I actually have two back-up plans, one for my personal data and one for my professional. They’re different for a couple of reasons. My personal data is several times larger than my professional, for one, my personal data is all on Apple Macs while my professional is on Windows, and most of my professional data is already versioned in source control. In this post I’m only going to go over my personal backup, and leave the professional for another day.

I have 3 layers of backup:

  1. Hourly back-up using Time Machine.
  2. Weekly back-up using rsync and two rotating portable hard-drives.
  3. Weekly off-site backup using a custom python script and an FTP server.

Some details. I have 3 Macs to keep backed up and about 80 GB of data between them (including photos, e-mails, documents, and what-not) so I bought a 500 GB Time Capsule to replace my ageing wireless router. That works really well, and I’ve used it on more than one occasion to retrieve a past version of a file. The Time Machine interface is quite a bit of eye-candy (it’s pretty sluggish even over Gigabit Ethernet) but it got the job done on the rare occasion that I’ve needed it.

I then have two portable hard-drives when I swap between my office and my shed every week where I use rsync to backup the three Macs. With one copy always in the shed I should be protected against all but the biggest disasters.

My last layer is off-site. I tried a variety of different cloud backup solutions but wasn’t happy with any of them. They each had one flaw or another that I didn’t like. Using Mozy, for example, restore was far too slow to be practical; I waited several hours just to retrieve a couple of files. I hear that they’ve made improvements, but I’ve already moved on. Mainly, with the commercial solutions I didn’t like the idea of having my back-up in some form that I couldn’t access directly. That’s why I decided to write my own last year.

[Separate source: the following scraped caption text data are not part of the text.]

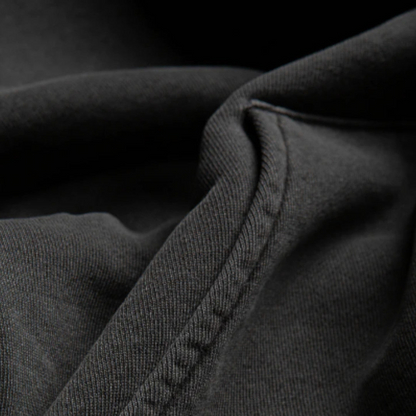 Defend Hoodie – Washed Black
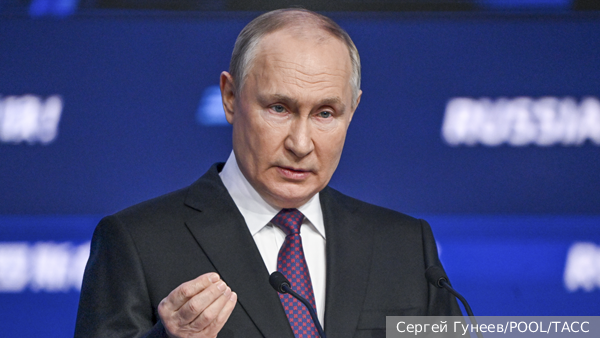 Путин: Россия хочет создать реально демократическую модель мира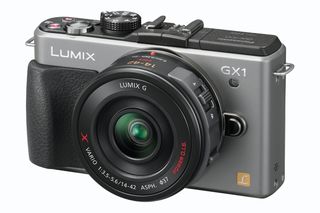 Panasonic Lumix DMC-GX1 + PowerZoom 14-42 mm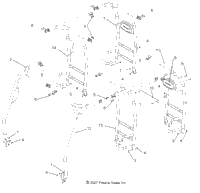 Chassis, Cab Frame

I wanted something that I could manage myself and that would use the lowest common denominator, FTP. I have a web server with GoDaddy that has unlimited disk space that I thought I’d use. I created a python script that finds any file that has changed, compresses it, encrypts it, and uploads it to the server. But with a twist. I take the MD5 hash and size of the file and turn that into a signature, and only upload the file if a file with that signature isn’t already on the server (the odds of a signature clash between two different files is astronomical.) Now, even if I copy a file from one computer to another it will only be uploaded once to my FTP server (which is handy when you only have 384 kbs upload speed.) I can move whole directories around and there’s no problem.

There you have it, my paranoid backup. Just because you’re paranoid doesn’t mean someone isn’t trying to degauss your disk… or something like that.